Work order
Output the data below only from the line containing "미국직구 Zevia Zero" up to and including the line containing "Hyleory Étagère en", exact and with the pictures left out.

(Beginning of Source records)

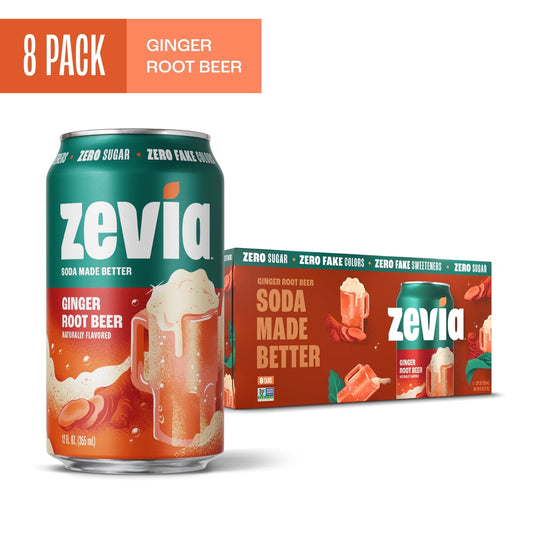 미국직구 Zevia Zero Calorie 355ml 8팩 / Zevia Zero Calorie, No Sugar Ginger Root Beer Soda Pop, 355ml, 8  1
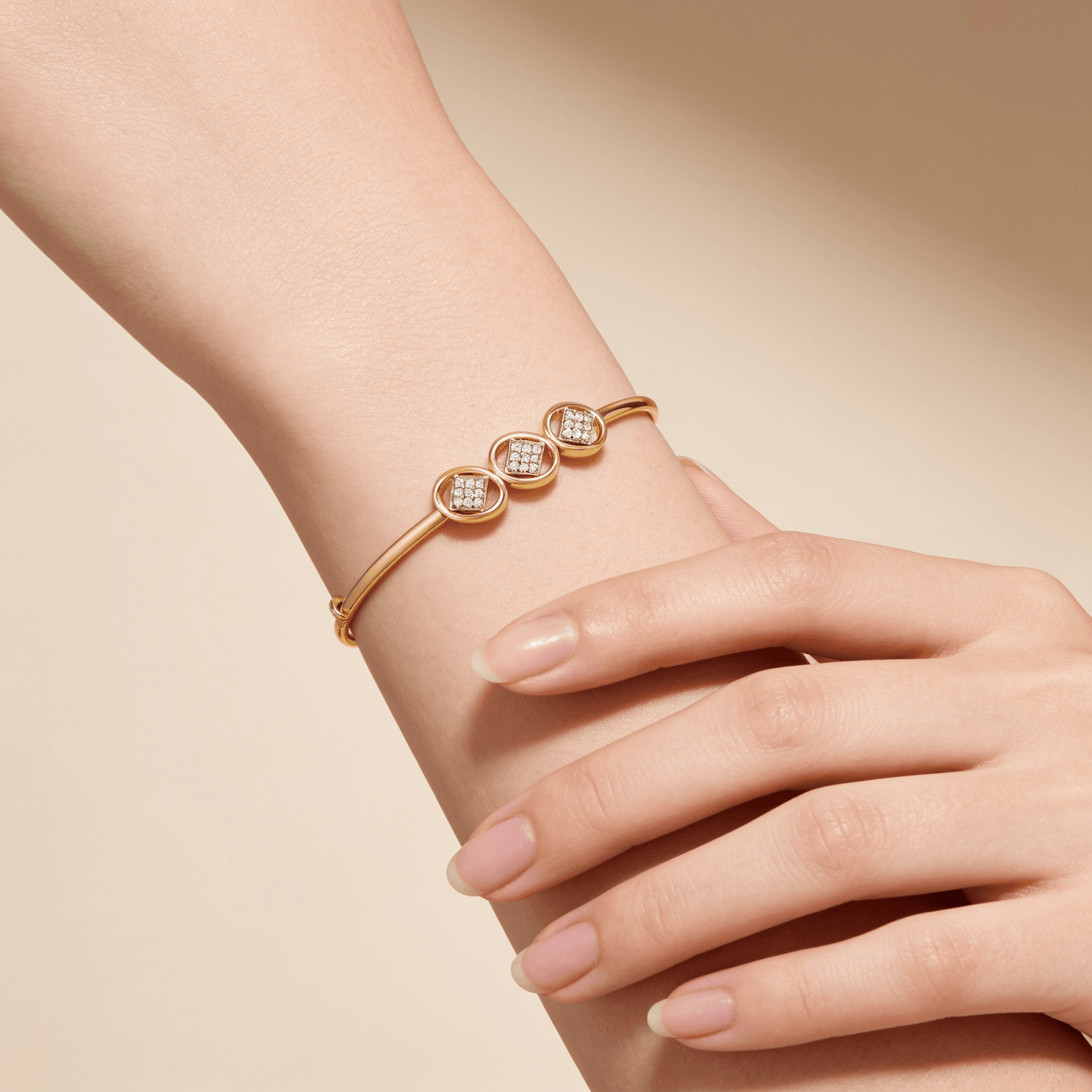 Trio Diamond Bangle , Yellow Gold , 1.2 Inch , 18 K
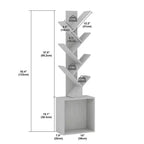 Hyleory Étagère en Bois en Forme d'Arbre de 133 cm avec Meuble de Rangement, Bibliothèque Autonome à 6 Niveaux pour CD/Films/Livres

(End of Source records)
(Beginning of Source records)

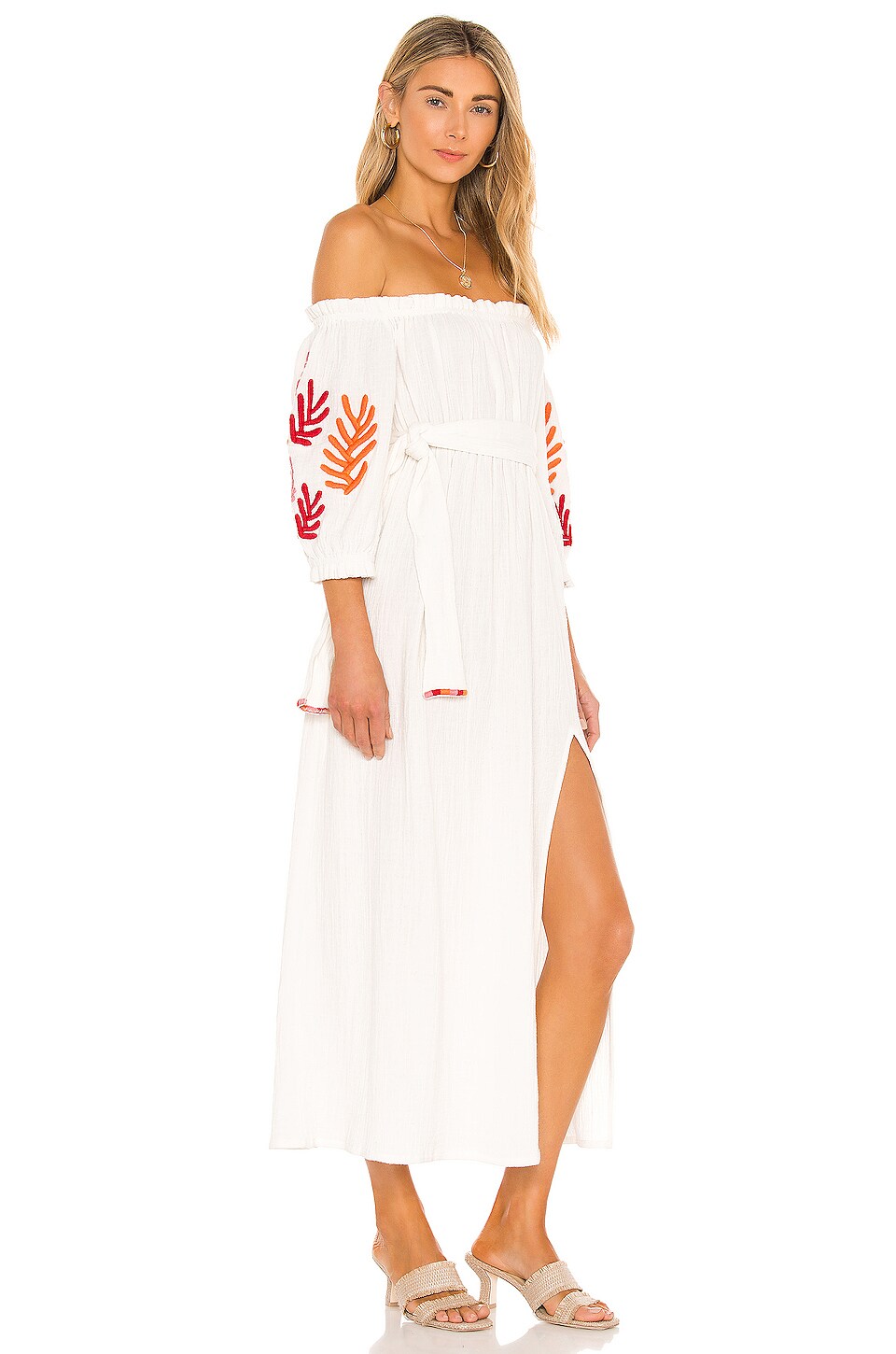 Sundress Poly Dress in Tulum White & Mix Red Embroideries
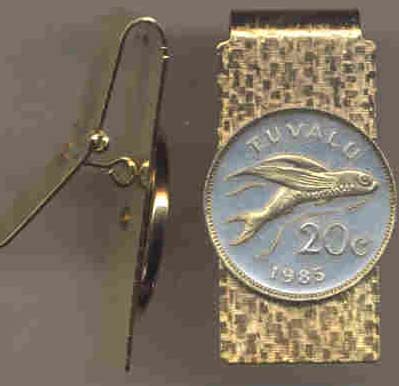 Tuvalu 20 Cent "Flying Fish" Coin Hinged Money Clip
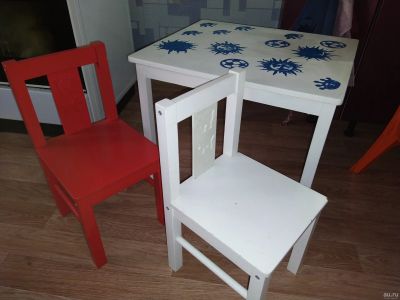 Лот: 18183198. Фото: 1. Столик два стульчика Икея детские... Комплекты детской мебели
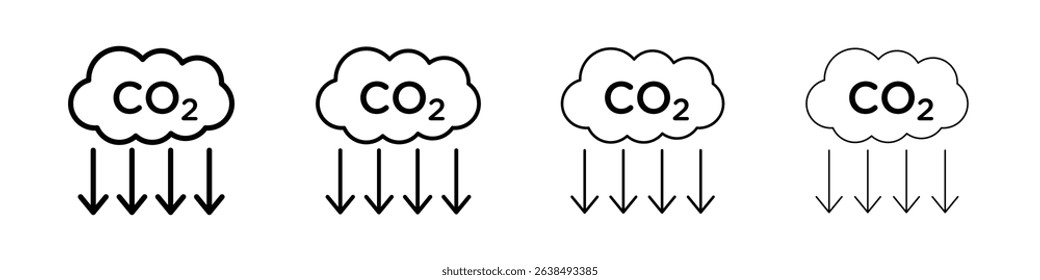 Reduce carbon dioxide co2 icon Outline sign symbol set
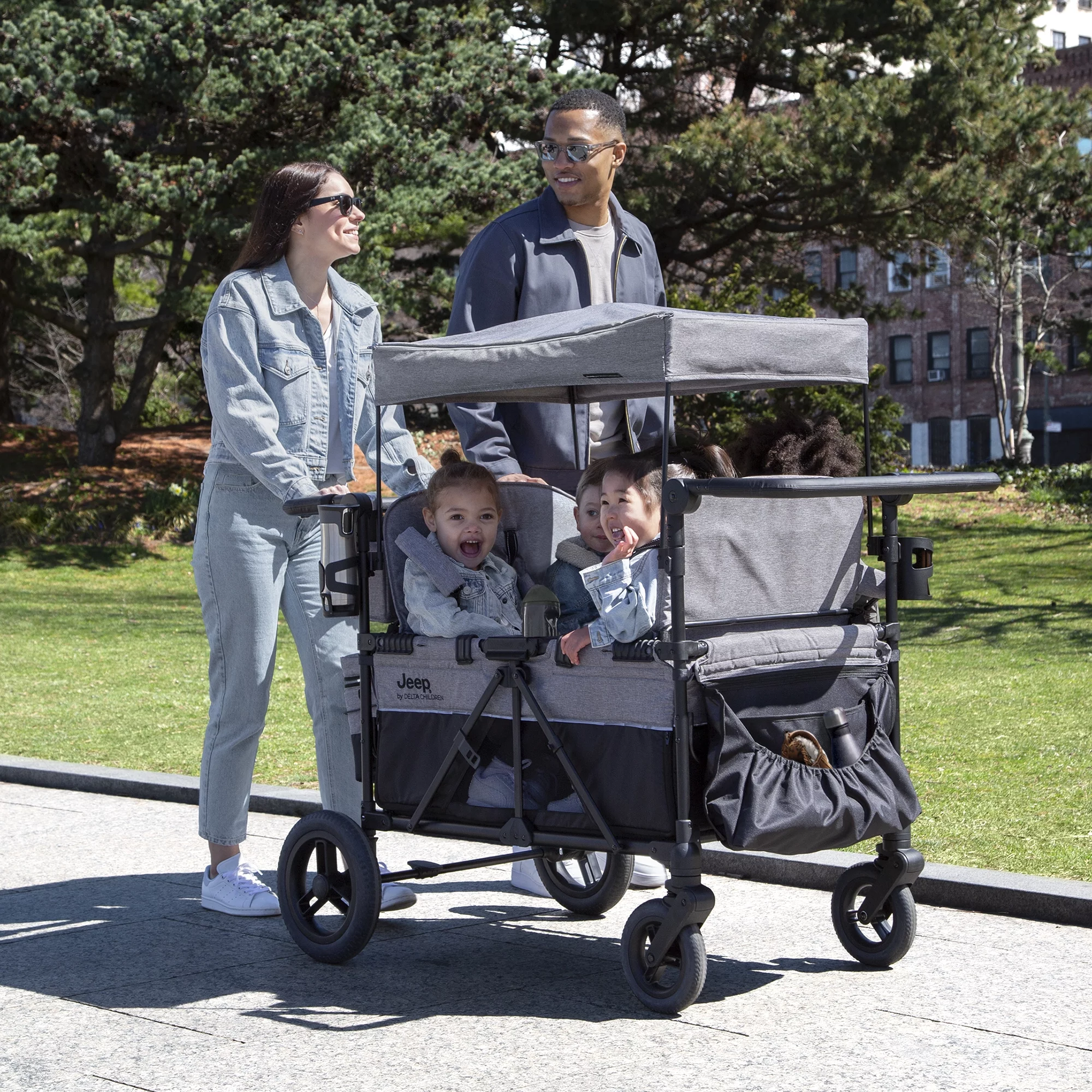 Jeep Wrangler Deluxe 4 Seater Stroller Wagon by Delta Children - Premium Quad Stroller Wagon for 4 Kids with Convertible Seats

(End of Source records)
(Beginning of Source records)

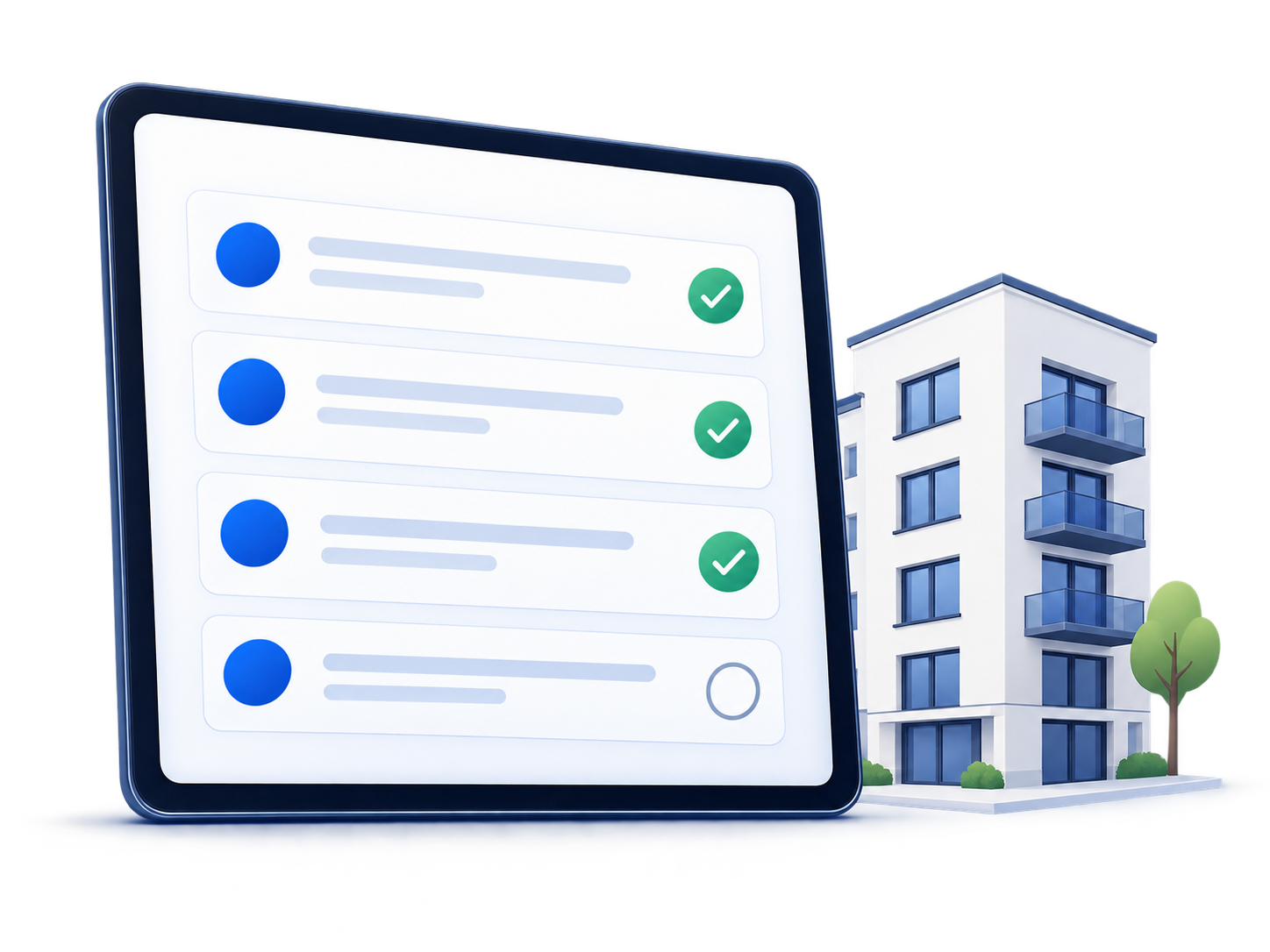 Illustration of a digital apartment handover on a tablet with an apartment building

(End of Source records)

Written answer
 미국직구 Zevia Zero Calorie 355ml 8팩 / Zevia Zero Calorie, No Sugar Ginger Root Beer Soda Pop, 355ml, 8  1
 Trio Diamond Bangle , Yellow Gold , 1.2 Inch , 18 K
 Hyleory Étagère en Bois en Forme d'Arbre de 133 cm avec Meuble de Rangement, Bibliothèque Autonome à 6 Niveaux pour CD/Films/Livres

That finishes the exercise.